The lower end of the forecast is below the 1.9% recorded in September of last year, which was the lowest since May 2020’s 1.6% and also the last time the inflation rate fell below the central bank's 2.0% to 4.0% target.

Analysts surveyed by The Manila Times anticipate that inflation for March reached 2.0%.

“Upward price pressures for the month emanate from higher electricity rates and higher prices for fish and meat,” according to a central bank statement.

“Nonetheless, these are expected to be offset by lower prices of rice, fruits, and vegetables, owing to favourable domestic supply conditions as well as the Peso appreciation,” it went on to add.

February's inflation result was lower than anticipated, and another slowdown in March could prompt the BSP to consider resuming interest rate cuts during next week's policy meeting.

The bank on Monday said it would “continue to take a measured approach in ensuring price stability conducive to balanced and sustainable growth of the economy and employment.”

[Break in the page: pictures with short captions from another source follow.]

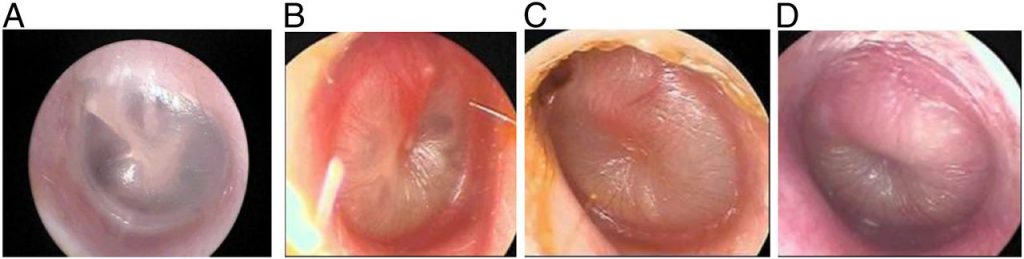 Acute Otitis Media Vs Otitis Media With Effusion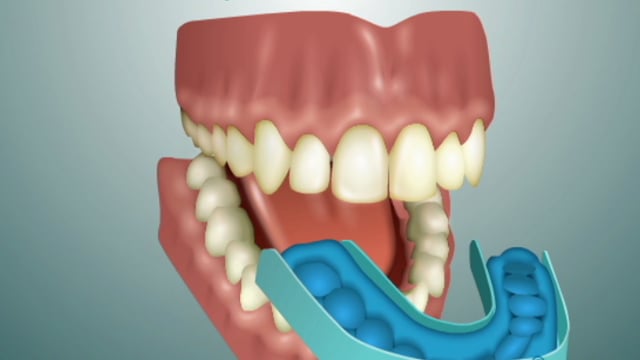 testimonial-6 patient-Home Tooth Whitening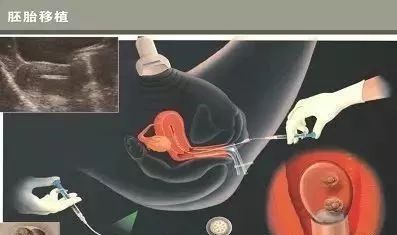 体外受精 IVF-ET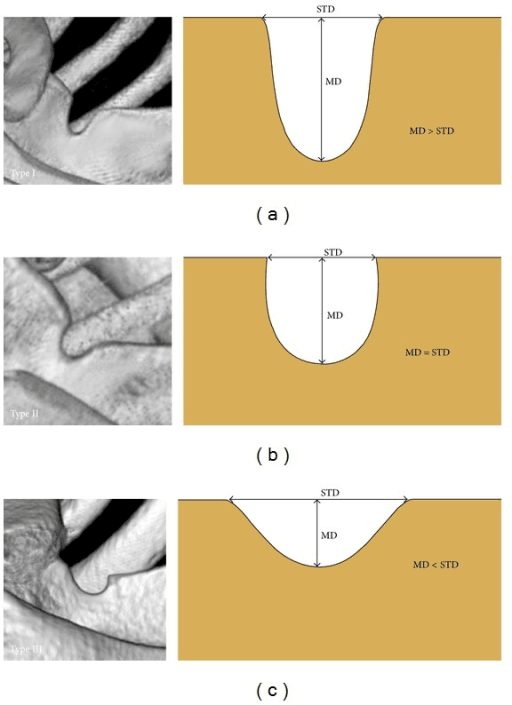 Suprascapular notch morphology types compared by depth and width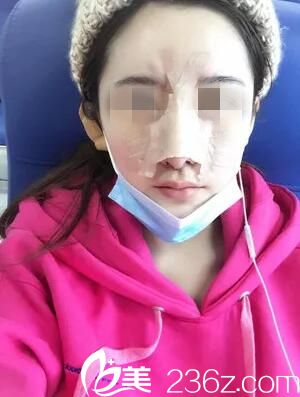 術(shù)后即刻效果 術(shù)后即刻效果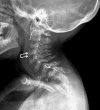Figure 6. . Lateral cervical spine radiograph of a female age six years with MPS IVA.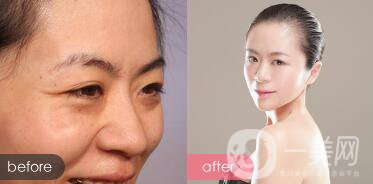 玻尿酸眼部除皺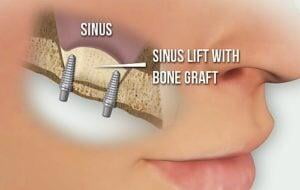 ITS Dental Hospital Sinus Lift Procedures
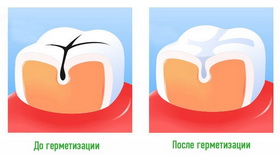 Герметизация  фиссур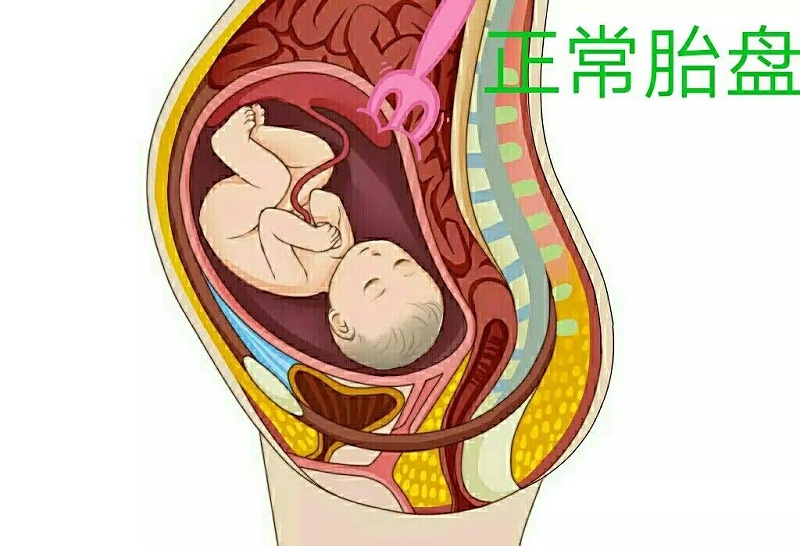正常胎盘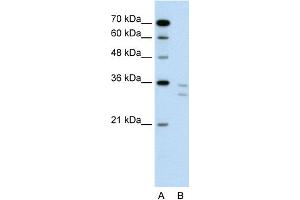 WB Suggested Anti-CD8B Antibody Titration:  0.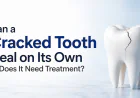 Can a Cracked Tooth Heal on Its Own or Does It Need Treatment?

BSP Governor Eli Remolona Jr. has indicated a “good chance” that the central bank's Monetary Board will implement a 25-basis point (bps) rate cut on 10th April.

The central bank’s policy rate is currently at 5.75% after three 25-basis point cuts last year. In February, the Monetary Board unexpectedly decided to keep interest rates unchanged, citing uncertainties surrounding the inflation and economic growth outlook.